*** Opening of Input data ***

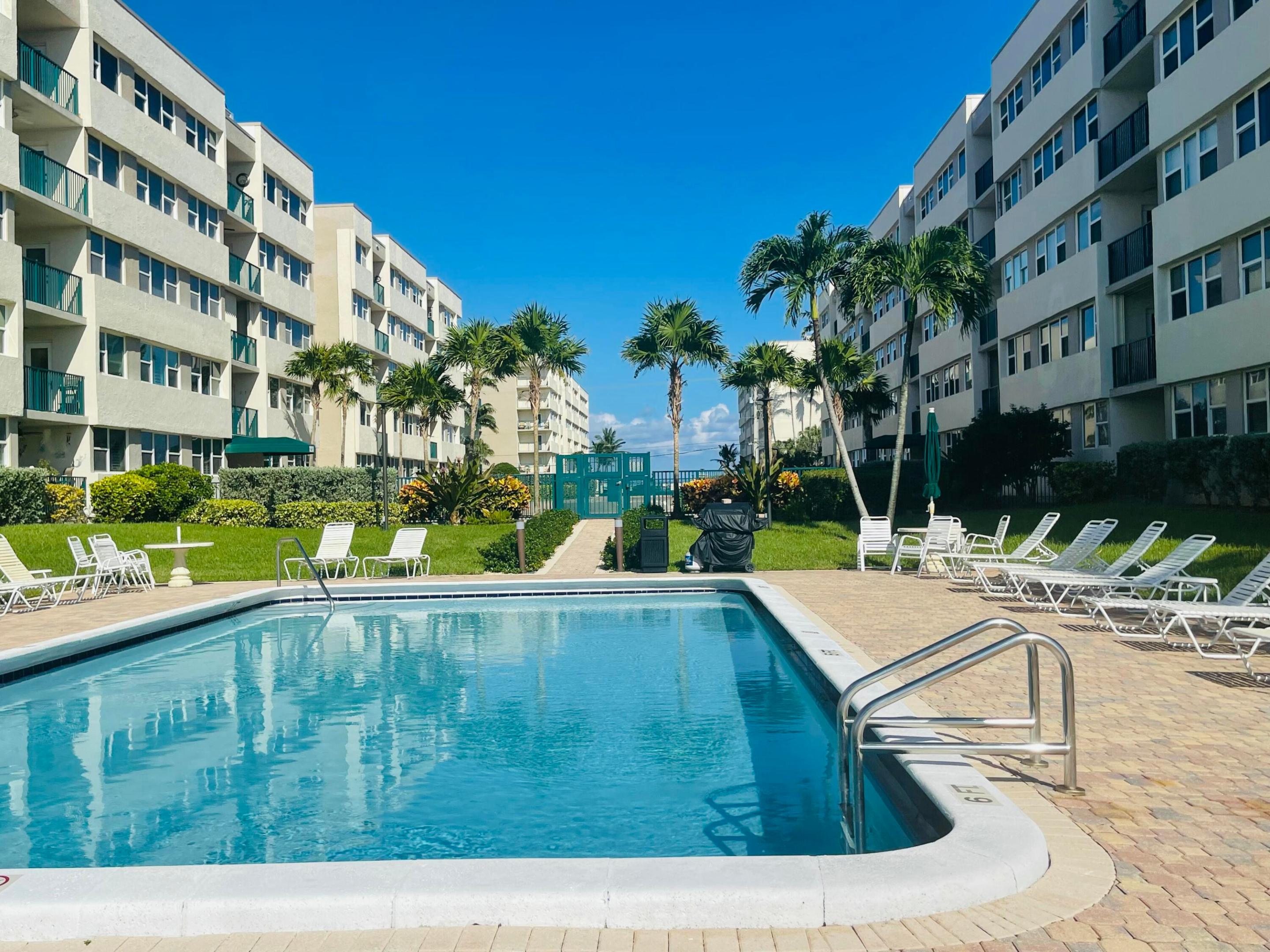 PORT DE MER CONDO - Residential Lease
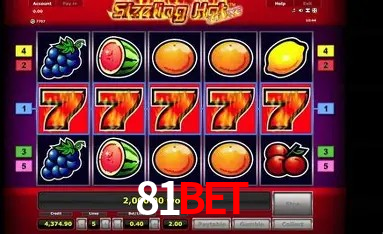 Provedores de Jogos 81bet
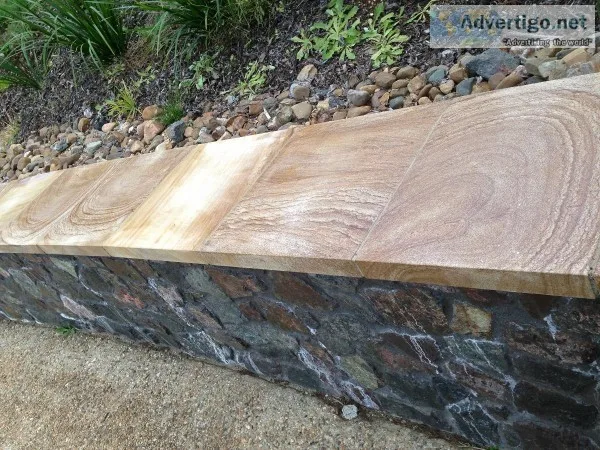 Sandstone Capping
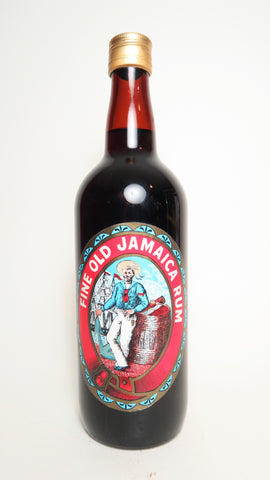 Fine Old Jamaican Rum - 1960s (40%, 68cl)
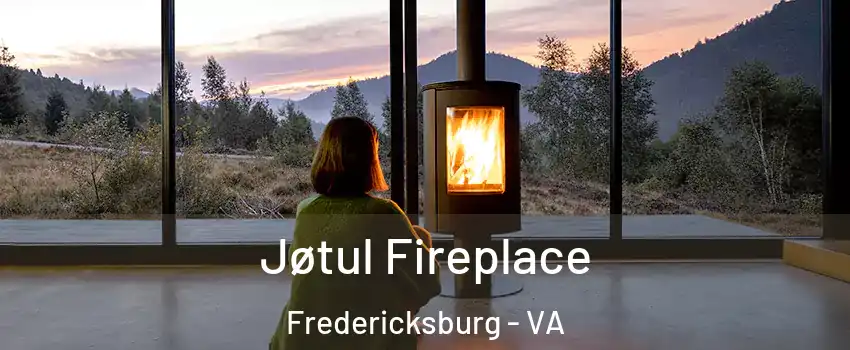  Jøtul Fireplace Fredericksburg - VA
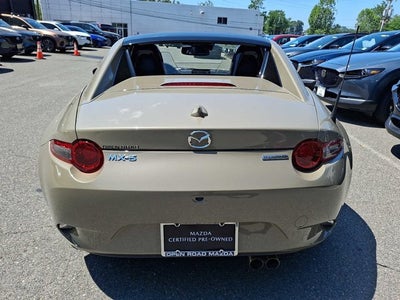 2023 Mazda Mazda MX-5 Miata RF Grand Touring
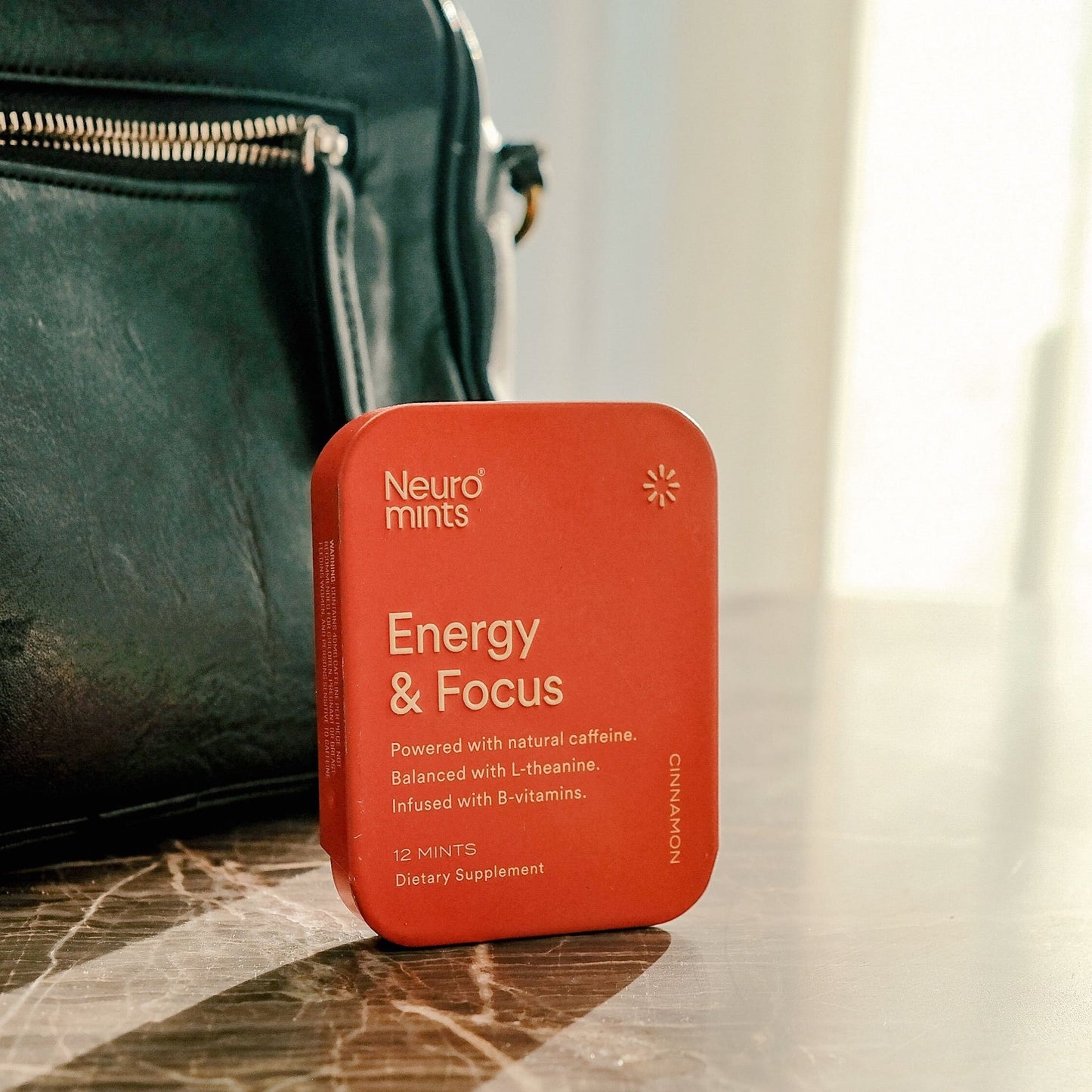 NeuroGum Energy & Focus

*** Close of Input data ***

**What to do**
Print again, word for word, every line from the line with "Sandstone Capping" to the final line of the records, inclusive; skip the pictures.

**Exercise solution**
 Sandstone Capping
 Fine Old Jamaican Rum - 1960s (40%, 68cl)
  Jøtul Fireplace Fredericksburg - VA
 2023 Mazda Mazda MX-5 Miata RF Grand Touring
 NeuroGum Energy & Focus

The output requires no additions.